Friday, 13 February 2009

The Technology Ramble

These days we tend to take technology pretty much for granted. We think nothing of being able to pick up a small object, type some numbers into it and then being able to speak to someone the other side of the world as clear as if they were in the next room. I work in a technology company and find myself equally guilty of this.The other day I was thinking back to when I were a lad and I realised how much things have changed.

Let me tell you what I mean, I was born in 1959, 2 years before Yuri Gargarin became the first astronaut or cosmonaut as he was called then. Our TV which was a large box with loads of valves (no transistors) came with BBC on it. The resolution was 405 lines and some of these were not visible so the picture was probably made up of about 395 lines or thereabouts. If you sat too close you could see the gaps between the lines as the cathode ray beam scanned across the phosphor layer the other side of the big lump of glass in front of you.
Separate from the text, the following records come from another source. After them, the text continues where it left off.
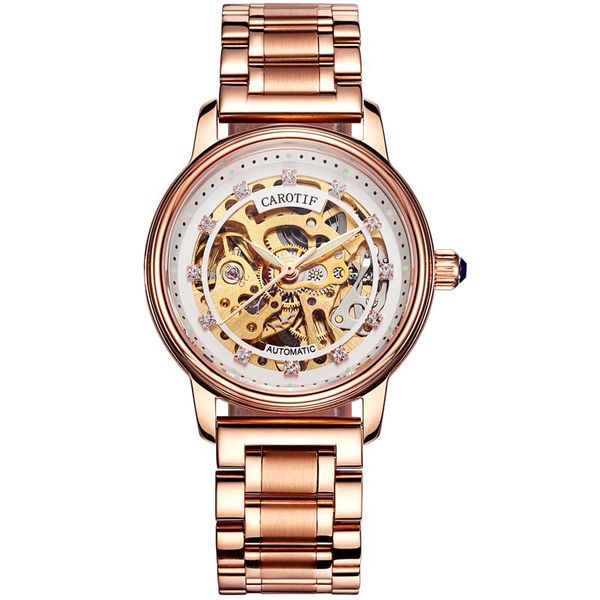 

wristwatches carrotiv watch female simple fashion hollow mechanical, Slivery;brown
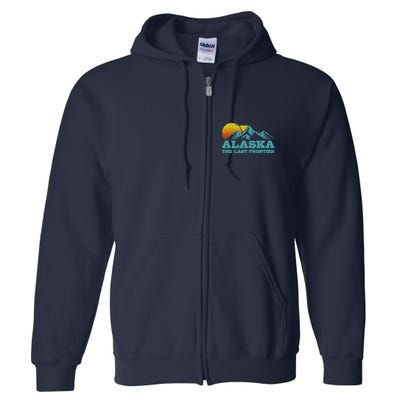 Alaska The Last Frontier Vintage Mountains Sunset Souvenir Full Zip Hoodie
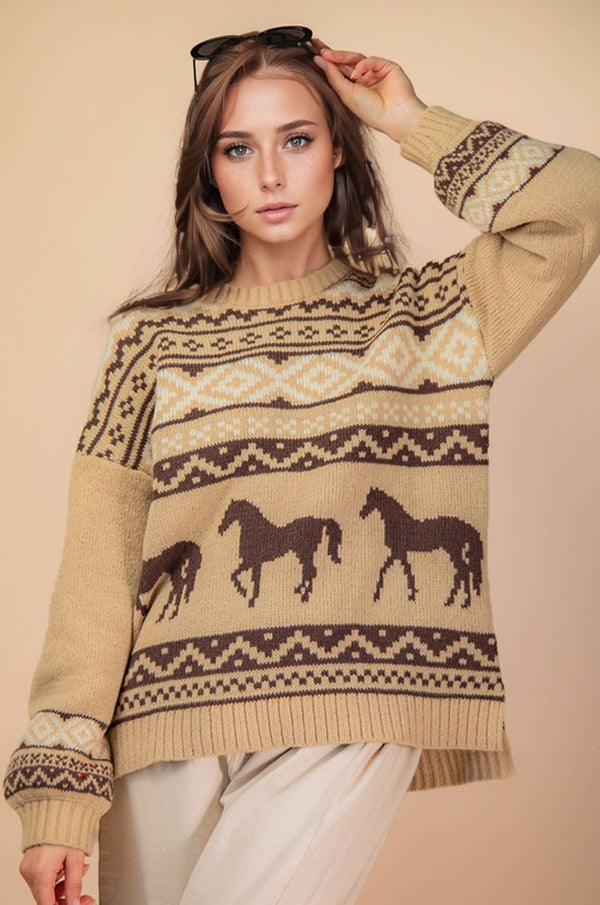 Western Graphic Oversized Knit Sweater Top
To combat this, some manufacturers fitted a switch to the back of the TV, this was called a Spot Wobbler and did what it says. It basically made the scanning beam wobble up and down and filled the gaps in.

Then ITV launched and the TV had some extra coils fitted to the tuner so we could pick this channel up. In South Wales we had TWW at the time (The West and Wales I believe). Music came on a 7inch or a 12 inch bit of plastic with a groove on either side and what was effectively a pin rested in the groove and wobbled about with the shape of the groove.
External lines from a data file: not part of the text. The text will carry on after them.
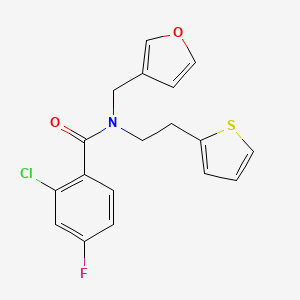 molecular formula C18H15ClFNO2S B2506234 2-氯-4-氟-N-(呋喃-3-基甲基)-N-(2-(噻吩-2-基)乙基)苯甲酰胺 CAS No. 1428380-56-6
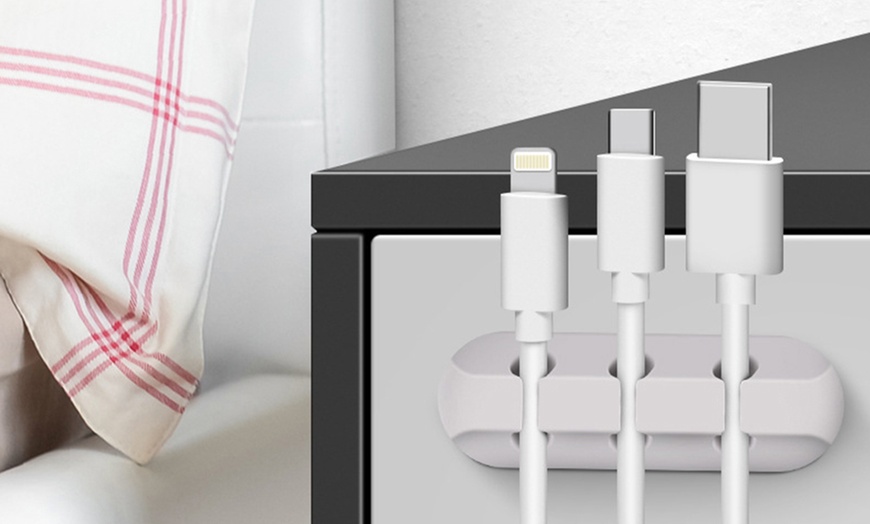 Image 3: Three- or Five-Slot Desk Tidy Desktop Cable Organiser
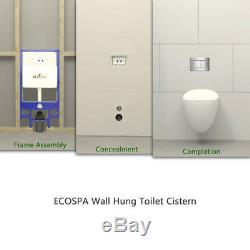 Concealed WC Wall Hung Toilet Cistern Frame Stainless Steel Eco Dual Flush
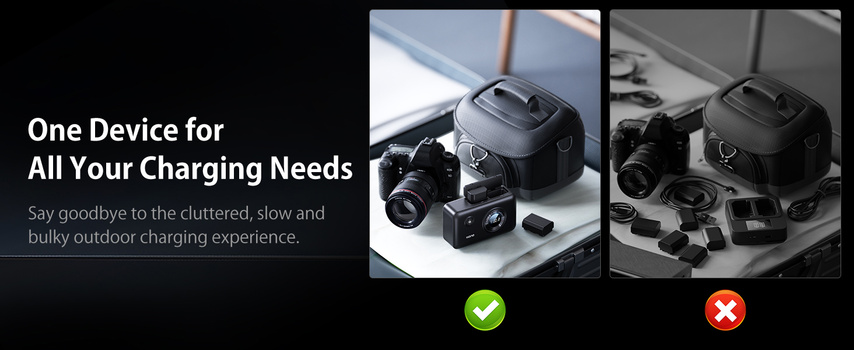 Comparison graphic showing portable charging equipment for cameras and devices, with a green checkmark on the left and red X on the right.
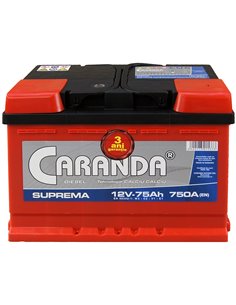 CARANDA SUPREMA 12V 75Ah 750A - Borna Normala (dreapta +)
At the other end of a sort of lever assembly there was a bit of pietzo electric crystal and the wobbles created by the pin generated a small voltage. The crystal idea is similar to the thing that produces a spark in a cigarette lighter. If you were really posh, you had a magnet on the end of the lever which wobbled around inside a coil and produced a similar result to the crystal, only better.

Our portable radio took 2 batteries, one to provide the voltage for the heaters in the valves and a higher voltage one to make the rest of the radio work. Then we got a transistor radio which was about the size of a small brick and only needed one battery thanks to it's germanium transistors. The record player or Gramaphone was a huge thing that took 2 people to carry and you could place up to 7 records on top of each other so that when the first one finished playing, the next one would come smashing down on top of it and the pickup arm would descend and start playing again.

In 1967, the BBC closed down it's existing radio stations and re-opened the next day with Radio 1, 2, 3 and 4. Radio 1 opened up with a track called Theme One, then Tony Blackburn introduced Flowers In The Rain by The Move. We had exciting things like the Hit Parade on a Sunday and Terry Wogan helped us fight the flab in the afternoon.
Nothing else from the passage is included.